#### 1. Loading the data set - training data.

In [6]:
from sklearn.datasets import fetch_20newsgroups
twenty_train = fetch_20newsgroups(subset='train', shuffle=True)

#### 2. Extracting features from text files

In [7]:
from sklearn.feature_extraction.text import CountVectorizer
count_vect = CountVectorizer()
X_train_counts = count_vect.fit_transform(twenty_train.data)
X_train_counts.shape

(11314, 130107)

#### 3. TF-IDF

In [9]:
from sklearn.feature_extraction.text import TfidfTransformer
tfidf_transformer = TfidfTransformer()
X_train_tfidf = tfidf_transformer.fit_transform(X_train_counts)
X_train_tfidf.shape

(11314, 130107)

#### 4. Machine Learning
#### For the sake of showing how to save and load a model in sklearn, I will just use the Naive Bayes (NB) classifier on training data.

In [11]:
from sklearn.naive_bayes import MultinomialNB
clf = MultinomialNB().fit(X_train_tfidf, twenty_train.target)

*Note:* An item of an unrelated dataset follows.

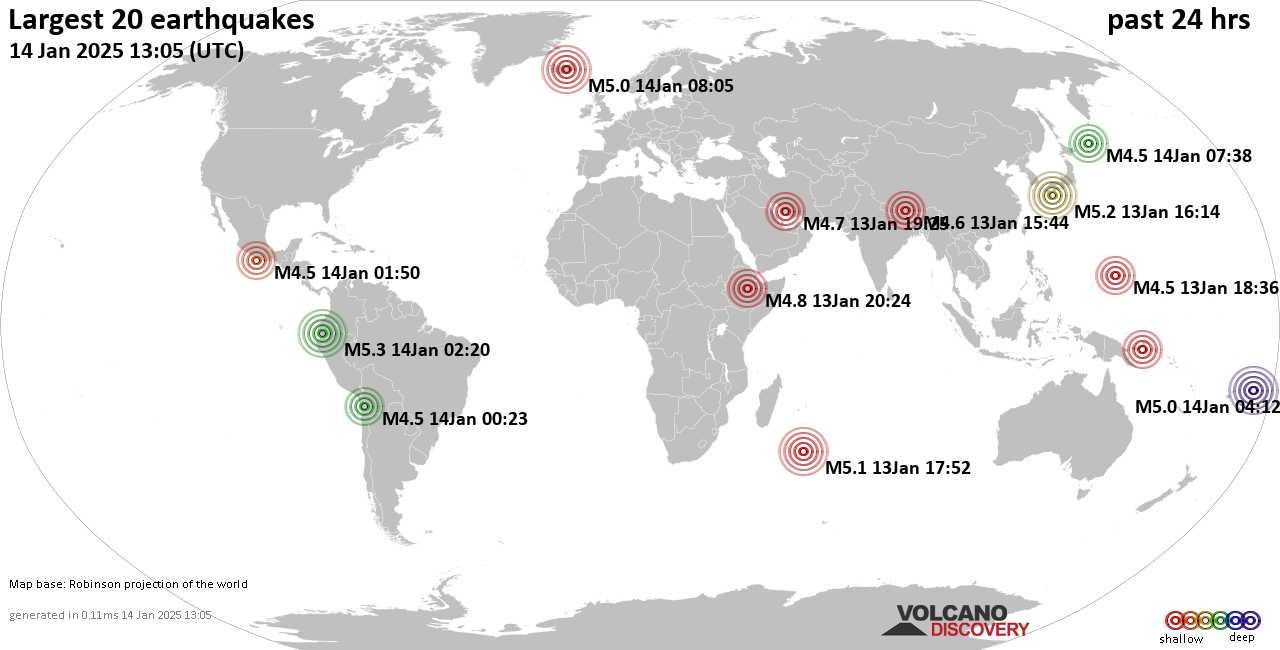 На карте сильные землетрясения за последние 24 часа, 14 января 2025 года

Building a pipeline: We can write less code and do all of the above, by building a pipeline as follows:
The names ‘vect’ , ‘tfidf’ and ‘clf’ are arbitrary but will be used later.
We will be using the 'text_clf' going forward.

In [12]:
from sklearn.pipeline import Pipeline

text_clf = Pipeline([('vect', CountVectorizer()), ('tfidf', TfidfTransformer()), ('clf', MultinomialNB())])

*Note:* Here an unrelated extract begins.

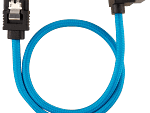Corsair Premium Sleeved SATA 6Gbps 30cm 90° Connector Cable — Blue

text_clf = text_clf.fit(twenty_train.data, twenty_train.target)

#### 4. Evaluating

In [14]:

import numpy as np
twenty_test = fetch_20newsgroups(subset='test', shuffle=True)
predicted = text_clf.predict(twenty_test.data)
np.mean(predicted == twenty_test.target)

0.7738980350504514

#### 6. Saving sklearn model with pickle

In [17]:
import pickle

In [22]:
with open('clf_text.pickle', 'wb') as f:
    pickle.dump(text_clf, f)

#### 6. Loading sklearn model with pickle

In [27]:
with open('clf_text.pickle', 'rb') as f:
    clf = pickle.load(f)

In [28]:
new_predicted = clf.predict(twenty_test.data)
np.mean(new_predicted == twenty_test.target)

0.7738980350504514

As you can see above, the accuracy is the same.